I'm going to assume that placeQueen(B, n, i, x) makes a change to B and that removeQueen(B, n, i, x) undoes that change.
This answer shows how to approach the problem generically. It doesn't modify the algorithm like Aconcagua has.
Let's start by defining a state structure.
typedef struct {
int **B;
int n;
int i;
} State;
The original code is equivalent to the following:
void _findSolutions(State *state) {
if (state->i >= state->n) {
printBoard(state->B, state->n);
} else {
for (int x = 1; x <= state->n; ++x) {
if (state->B[state->i][x] == 0) {
State *state2 = State_clone(state); // Deep clone.
placeQueen(state2);
++state2->i;
findSolutions(state2);
}
}
}
State_free(state); // Frees the board too.
}
void findSolutions(int** B, int n, int i) {
State *state = State_new(B, n, i); // Deep clones B.
_findSolutions(state);
}
Now, we're in position to eliminate the recursion.
void _findSolutions(State *state) {
StateStack *S = StateStack_new();
do {
if (state->i >= state->n) {
printBoard(state->B, state->n);
} else {
for (int x = state->n; x>=1; --x) { // Reversed the loop to maintain order.
if (state->B[state->i][x] == 0) {
State *state2 = State_clone(state); // Deep clone.
placeQueen(state2);
++state2->i;
StateStack_push(S, state2);
}
}
}
State_free(state); // Frees the board too.
} while (StateStack_pop(&state));
StateStack_free(S);
}
void findSolutions(int** B, int n, int i) {
State *state = State_new(B, n, i); // Deep clones B.
_findSolutions(state);
}
We can eliminate the helper we no longer need.
void findSolutions(int** B, int n, int i) {
StateStack *S = StateStack_new();
State *state = State_new(B, n, i); // Deep clones B.
do {
if (state->i >= state->n) {
printBoard(state->B, state->n);
} else {
for (int x = state->n; x>=1; --x) { // Reversed the loop to maintain order.
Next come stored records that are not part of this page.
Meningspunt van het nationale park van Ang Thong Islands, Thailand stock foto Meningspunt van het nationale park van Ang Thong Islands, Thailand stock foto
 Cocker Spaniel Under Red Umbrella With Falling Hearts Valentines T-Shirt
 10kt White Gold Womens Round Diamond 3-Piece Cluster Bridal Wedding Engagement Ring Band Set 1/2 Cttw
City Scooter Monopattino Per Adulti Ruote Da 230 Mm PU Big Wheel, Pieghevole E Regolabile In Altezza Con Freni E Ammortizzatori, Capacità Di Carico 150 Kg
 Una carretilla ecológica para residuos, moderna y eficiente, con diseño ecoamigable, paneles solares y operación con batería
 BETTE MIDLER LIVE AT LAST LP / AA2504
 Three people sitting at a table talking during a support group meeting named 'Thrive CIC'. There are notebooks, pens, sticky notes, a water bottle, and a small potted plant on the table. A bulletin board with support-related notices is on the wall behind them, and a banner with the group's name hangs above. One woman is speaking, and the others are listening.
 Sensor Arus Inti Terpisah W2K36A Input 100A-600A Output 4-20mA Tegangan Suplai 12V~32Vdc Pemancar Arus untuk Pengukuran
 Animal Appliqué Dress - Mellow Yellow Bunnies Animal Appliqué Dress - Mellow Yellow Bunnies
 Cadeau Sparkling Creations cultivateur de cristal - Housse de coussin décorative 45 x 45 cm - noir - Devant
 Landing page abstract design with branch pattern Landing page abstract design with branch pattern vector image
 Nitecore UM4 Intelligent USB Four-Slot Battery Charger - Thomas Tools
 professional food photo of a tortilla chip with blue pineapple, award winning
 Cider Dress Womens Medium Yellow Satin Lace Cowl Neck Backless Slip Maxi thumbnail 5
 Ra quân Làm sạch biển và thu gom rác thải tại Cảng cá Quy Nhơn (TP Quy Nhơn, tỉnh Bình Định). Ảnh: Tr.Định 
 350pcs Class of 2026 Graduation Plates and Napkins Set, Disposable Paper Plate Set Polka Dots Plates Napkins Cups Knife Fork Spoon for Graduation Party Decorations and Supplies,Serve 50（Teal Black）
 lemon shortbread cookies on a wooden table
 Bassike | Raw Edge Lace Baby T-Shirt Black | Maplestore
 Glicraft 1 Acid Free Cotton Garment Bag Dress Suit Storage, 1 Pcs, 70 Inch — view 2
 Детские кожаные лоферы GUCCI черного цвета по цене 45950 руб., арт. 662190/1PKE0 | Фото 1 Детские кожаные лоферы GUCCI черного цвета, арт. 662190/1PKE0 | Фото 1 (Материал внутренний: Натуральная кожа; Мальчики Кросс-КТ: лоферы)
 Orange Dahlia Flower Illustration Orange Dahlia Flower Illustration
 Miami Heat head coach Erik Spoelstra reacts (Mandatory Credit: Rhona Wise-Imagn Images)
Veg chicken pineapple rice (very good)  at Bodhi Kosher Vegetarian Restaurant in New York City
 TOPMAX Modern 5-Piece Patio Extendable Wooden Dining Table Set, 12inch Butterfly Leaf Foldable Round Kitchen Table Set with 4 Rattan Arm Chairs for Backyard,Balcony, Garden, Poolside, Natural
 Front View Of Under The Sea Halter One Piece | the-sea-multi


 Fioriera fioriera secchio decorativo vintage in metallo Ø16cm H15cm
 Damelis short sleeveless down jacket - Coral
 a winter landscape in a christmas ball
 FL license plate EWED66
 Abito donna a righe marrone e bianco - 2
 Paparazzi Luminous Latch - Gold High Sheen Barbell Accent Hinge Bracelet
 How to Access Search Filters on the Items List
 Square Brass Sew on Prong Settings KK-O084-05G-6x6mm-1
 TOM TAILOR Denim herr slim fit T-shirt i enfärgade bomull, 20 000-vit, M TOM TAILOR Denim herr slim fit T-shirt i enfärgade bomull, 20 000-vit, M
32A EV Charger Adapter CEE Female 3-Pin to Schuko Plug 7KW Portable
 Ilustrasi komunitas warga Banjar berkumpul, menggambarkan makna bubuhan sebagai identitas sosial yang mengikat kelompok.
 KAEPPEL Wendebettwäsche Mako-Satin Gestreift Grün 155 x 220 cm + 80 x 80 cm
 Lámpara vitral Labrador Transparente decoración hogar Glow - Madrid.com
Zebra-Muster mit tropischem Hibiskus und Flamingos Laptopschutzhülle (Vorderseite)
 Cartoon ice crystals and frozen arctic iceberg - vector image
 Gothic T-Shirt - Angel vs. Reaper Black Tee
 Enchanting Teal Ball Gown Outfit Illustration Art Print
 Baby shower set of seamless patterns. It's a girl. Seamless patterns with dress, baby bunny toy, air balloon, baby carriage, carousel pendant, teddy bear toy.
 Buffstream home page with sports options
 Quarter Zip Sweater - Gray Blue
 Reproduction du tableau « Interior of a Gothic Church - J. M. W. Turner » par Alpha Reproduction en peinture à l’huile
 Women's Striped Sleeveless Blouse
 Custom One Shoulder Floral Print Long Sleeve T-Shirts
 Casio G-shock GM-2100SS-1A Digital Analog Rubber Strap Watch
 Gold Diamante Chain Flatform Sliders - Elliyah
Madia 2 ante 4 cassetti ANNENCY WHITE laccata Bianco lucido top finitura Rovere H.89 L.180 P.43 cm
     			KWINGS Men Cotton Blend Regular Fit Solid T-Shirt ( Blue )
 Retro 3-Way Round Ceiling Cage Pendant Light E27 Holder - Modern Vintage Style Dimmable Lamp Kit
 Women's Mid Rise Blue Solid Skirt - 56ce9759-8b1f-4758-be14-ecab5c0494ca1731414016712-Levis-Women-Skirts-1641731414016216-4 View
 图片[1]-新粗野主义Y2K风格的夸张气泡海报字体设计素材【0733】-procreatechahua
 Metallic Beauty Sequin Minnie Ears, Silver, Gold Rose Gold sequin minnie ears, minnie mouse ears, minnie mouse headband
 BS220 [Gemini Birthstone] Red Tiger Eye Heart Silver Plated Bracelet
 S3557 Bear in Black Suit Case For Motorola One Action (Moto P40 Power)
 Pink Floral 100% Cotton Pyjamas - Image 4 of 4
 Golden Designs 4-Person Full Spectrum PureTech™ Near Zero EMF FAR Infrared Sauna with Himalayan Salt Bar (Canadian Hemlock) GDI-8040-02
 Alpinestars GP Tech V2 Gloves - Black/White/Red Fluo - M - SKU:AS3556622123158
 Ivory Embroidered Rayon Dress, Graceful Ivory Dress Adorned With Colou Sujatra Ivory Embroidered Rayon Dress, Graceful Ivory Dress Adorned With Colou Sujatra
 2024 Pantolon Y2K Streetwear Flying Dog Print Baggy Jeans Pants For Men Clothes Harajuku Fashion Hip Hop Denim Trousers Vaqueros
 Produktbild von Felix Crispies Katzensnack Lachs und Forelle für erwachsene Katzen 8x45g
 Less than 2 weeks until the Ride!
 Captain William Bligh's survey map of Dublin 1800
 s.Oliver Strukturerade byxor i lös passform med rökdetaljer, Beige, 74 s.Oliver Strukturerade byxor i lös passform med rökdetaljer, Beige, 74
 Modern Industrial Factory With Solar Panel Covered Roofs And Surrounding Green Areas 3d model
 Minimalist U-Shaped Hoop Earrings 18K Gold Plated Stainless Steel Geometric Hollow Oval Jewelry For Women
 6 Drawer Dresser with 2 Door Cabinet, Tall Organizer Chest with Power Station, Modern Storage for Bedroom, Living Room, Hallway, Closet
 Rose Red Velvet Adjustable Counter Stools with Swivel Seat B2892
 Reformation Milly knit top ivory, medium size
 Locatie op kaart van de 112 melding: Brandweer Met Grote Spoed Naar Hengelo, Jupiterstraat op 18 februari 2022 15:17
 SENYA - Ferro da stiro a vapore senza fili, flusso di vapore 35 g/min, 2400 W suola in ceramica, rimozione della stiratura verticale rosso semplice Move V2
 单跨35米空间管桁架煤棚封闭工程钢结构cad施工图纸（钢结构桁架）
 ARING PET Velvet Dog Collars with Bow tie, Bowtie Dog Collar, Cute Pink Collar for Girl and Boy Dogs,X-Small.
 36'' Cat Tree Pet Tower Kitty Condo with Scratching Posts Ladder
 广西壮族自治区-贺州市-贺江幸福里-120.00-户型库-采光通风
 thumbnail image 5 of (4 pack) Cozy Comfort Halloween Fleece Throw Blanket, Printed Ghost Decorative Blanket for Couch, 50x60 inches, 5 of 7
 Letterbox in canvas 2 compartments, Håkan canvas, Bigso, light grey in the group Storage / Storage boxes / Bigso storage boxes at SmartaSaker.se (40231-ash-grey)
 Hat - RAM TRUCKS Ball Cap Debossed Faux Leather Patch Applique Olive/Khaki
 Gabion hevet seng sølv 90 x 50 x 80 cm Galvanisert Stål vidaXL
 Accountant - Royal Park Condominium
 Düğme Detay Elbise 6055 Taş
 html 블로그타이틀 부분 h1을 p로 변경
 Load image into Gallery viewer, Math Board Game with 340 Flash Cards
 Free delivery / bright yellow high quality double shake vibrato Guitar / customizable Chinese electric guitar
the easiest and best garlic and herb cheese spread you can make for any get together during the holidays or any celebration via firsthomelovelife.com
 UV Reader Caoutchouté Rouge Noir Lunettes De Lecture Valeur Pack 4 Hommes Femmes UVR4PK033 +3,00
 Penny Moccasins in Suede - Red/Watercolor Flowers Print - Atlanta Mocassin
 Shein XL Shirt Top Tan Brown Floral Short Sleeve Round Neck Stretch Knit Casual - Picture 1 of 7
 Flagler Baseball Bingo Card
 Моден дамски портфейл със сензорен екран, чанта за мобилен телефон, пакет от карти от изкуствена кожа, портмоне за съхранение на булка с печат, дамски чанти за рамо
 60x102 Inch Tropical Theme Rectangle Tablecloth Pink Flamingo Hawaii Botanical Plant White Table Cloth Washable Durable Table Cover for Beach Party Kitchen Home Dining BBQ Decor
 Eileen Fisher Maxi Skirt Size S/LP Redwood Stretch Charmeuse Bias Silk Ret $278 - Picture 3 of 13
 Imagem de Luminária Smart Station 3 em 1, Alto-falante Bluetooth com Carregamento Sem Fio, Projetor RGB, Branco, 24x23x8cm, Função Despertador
if (state->B[state->i][x] == 0) {
State *state2 = State_clone(state); // Deep clone.
placeQueen(state2);
++state2->i;
StateStack_push(S, state2);
}
}
}
State_free(state); // Frees the board too.
} while (StateStack_pop(S, &state));
StateStack_free(S);
}
Functions you need to implement:
StateStack *StateStack_new(void)
void StateStack_free(StateStack *S)
void StateStack_push(StateStack *S, State *state)
int StateStack_pop(StateStack *S, State **p)
State *State_new(int **B, int n, int i) (Note: Clones B)
State *State_clone(const State *state) (Note: Clones state->B)
void State_free(State *state) (Note: Frees state->B)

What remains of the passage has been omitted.